Warm vomit pooled in the back of her throat and threatened to come up for a visit. She spit and jutted out her chin. Nauseous or not, she could man up till they got to the van. A bump surged around her sealed shut eye. She was afraid to touch it. The damage was fine with her, so long as Stan could fix it. The door was mere feet away. The edges of her grimace turned up. It looked like there might be time to do it all. Before Josh pushed her out the door, he unlatched the brief case from her side.
“You still have the detonator?” Josh asked.
Stormy pulled the device out of her pocket and dropped it into his palm. She held the doorframe with both hands as she searched the room for Doc. He lay crumpled in the same place he had been before, on the floor in front of the server. At least he hadn’t turned. She didn’t want that for him. Before she wanted to watch him die, but not now. Deep down, she never really meant it.
Josh pushed Stormy back again. “Go on. I got this.”
She leaned against the exterior wall. “I’ll wait here for you.”
“Be right back,” he said.
Stormy counted backward in her head as she waited. It was only a matter of time before the cops figured out about the supply tunnel and surged at the entrance. She hoped that by then they would be on the highway where they could lead a good chase, but she wasn’t optimistic about that prospect.
She started counting at 60, figuring a minute was enough time for Josh to toss, detonate, and run back out. He was back at her side before she mouthed 29. He sturdied her and then pretty much threw her in the back of the van. Before she even managed to sit up, he jumped over her and hauled ass to the driver’s seat. The van raced up the tunnel at a speed that easily exceeded what it wanted to do. Stormy damn near fell out the back when she tried to close the doors. On her second attempt, she managed to slam them shut. With nothing left, she collapsed in the space between the doors and Ian’s twitching feet.
The bomb ripped apart and then incinerated the building. The blast pulsed through the van and bashed Stormy into the back of the driver’s seat. Josh lost control of the van, but regained it before they slammed into the side of the tunnel.

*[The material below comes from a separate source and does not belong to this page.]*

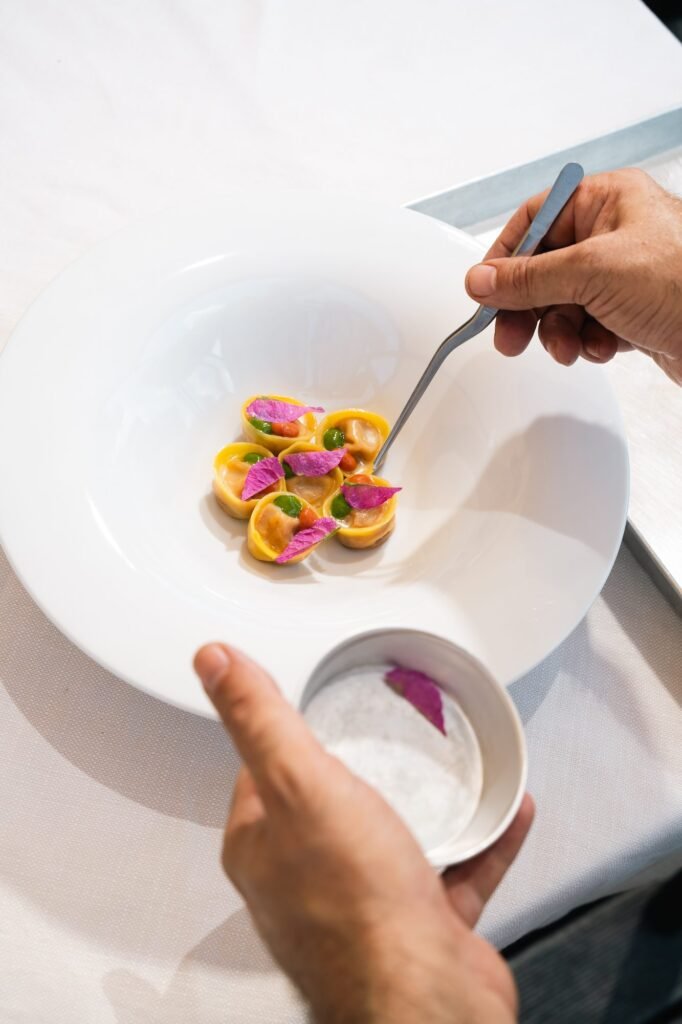 Impiattamento dei tortelli con fiori eduli e salsa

Tremendous waves of heat battered the back doors and slinked inside the van. Chaos devastated in a beautiful way she would never be able to fully articulate. The rush of color definitely had something to do with it.
“Get me out of here,” she shouted.
Josh’s eyes never left the windshield. “Working on it.”
Stan’s arm wrapped around Stormy and dragged her to him. The haze turned orange before it went filmy. The autumn colors of the explosion seeped through objects in their path to get to her, while the vibrant colors of death and destruction curled up around everything in sight. Garden-variety oranges and reds blurred in and out as they hung in the air and then slowly fell on the bodies that lay about.
She strained to see clearly, but it only made the pounding behind her eyes worse. Tears streamed down her cheeks. The colors rushed her. She batted at the air in an attempt to push them away. The colors remained, which proved this was all in her head. She squeezed her eyes shut, counted to ten, and tried again. Still no sight in one and now the other was closing up too. Entire blocks of her vision were gone, and with every blink, she lost more of her periphery.